The kinds of prosecutions that trouble me most are not those like Operation Grey-lord or offers of sex in exchange for cocaine, but those that impose costs on the innocent. Take for example a sting in which the FBI sets up a fence and buys stolen goods. The money the government pumps into the business must lead people to steal things to sell to the FBI — with misery for the victims of the burglary and potential violence in the process. Stings have been upheld consistently, however, and we have concluded that the innocent victims cannot recover damages from the government. Powers v. Lightner, 820 F.2d 818 (7th Cir.1987).
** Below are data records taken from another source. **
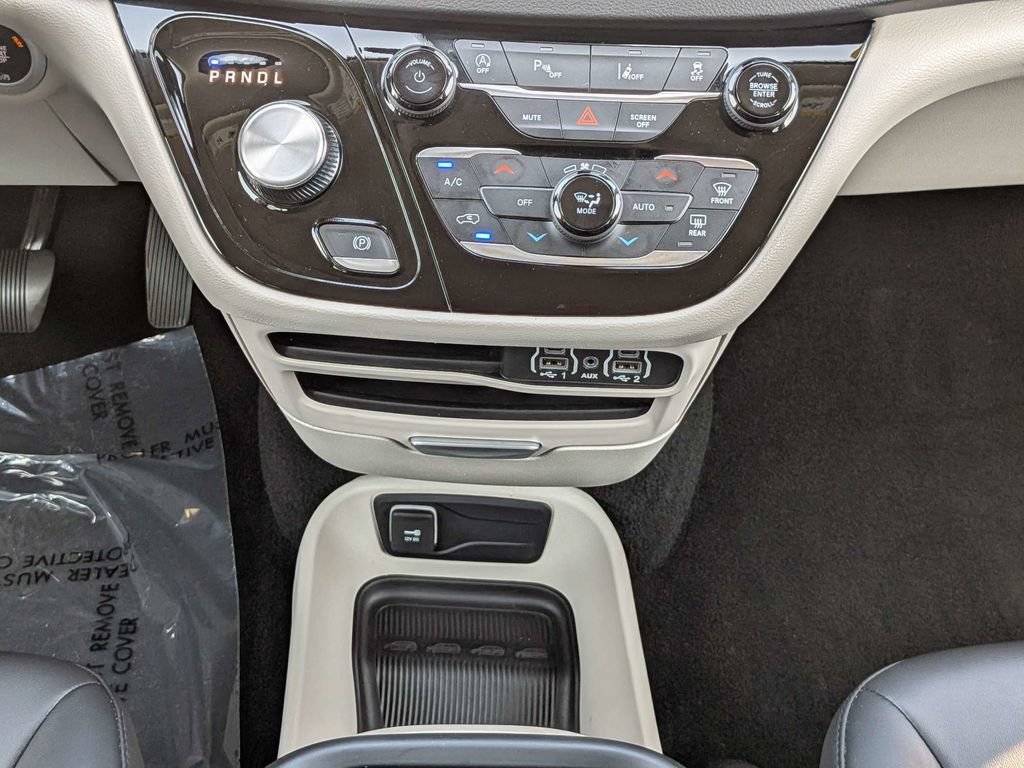 Used 2024 Chrysler Pacifica Touring-L FWD image 19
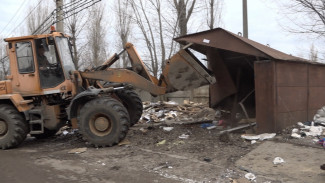 В Коминтерновском районе Воронежа начали сносить гаражи-самострои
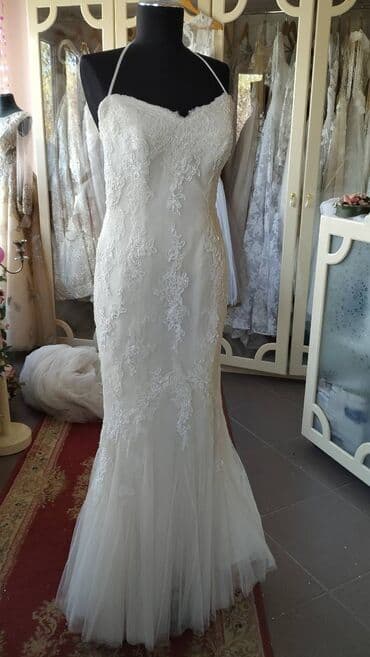 Wedding Clothes: Venčanica sirena kroja, boje slonovače, top ali ima traku oko vrata — 2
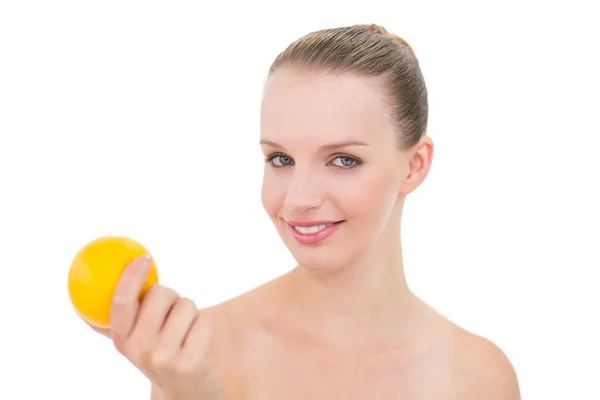 Joyful pretty blonde model holding an orange — Stock Photo, Image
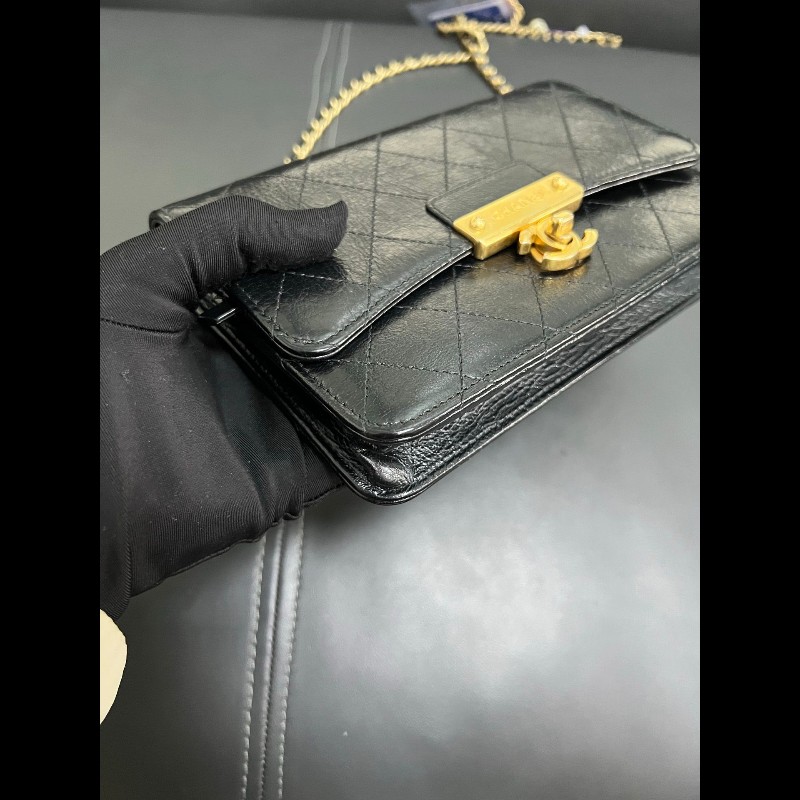 Chanel wallet on chain
黑金油蜡皮復古Woc-8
Methods such as those used to ensnare Miller do not injure bystanders and so do not trouble me. Other judges are offended by immorality (such as sponsoring an informant’s use of sexual favors as currency) or by acts that endanger informants (such as supplying them with drugs for personal use) but not by a traditional sting. This shows the subjective basis of the concern — all the more reason not to have such a doctrine in our law.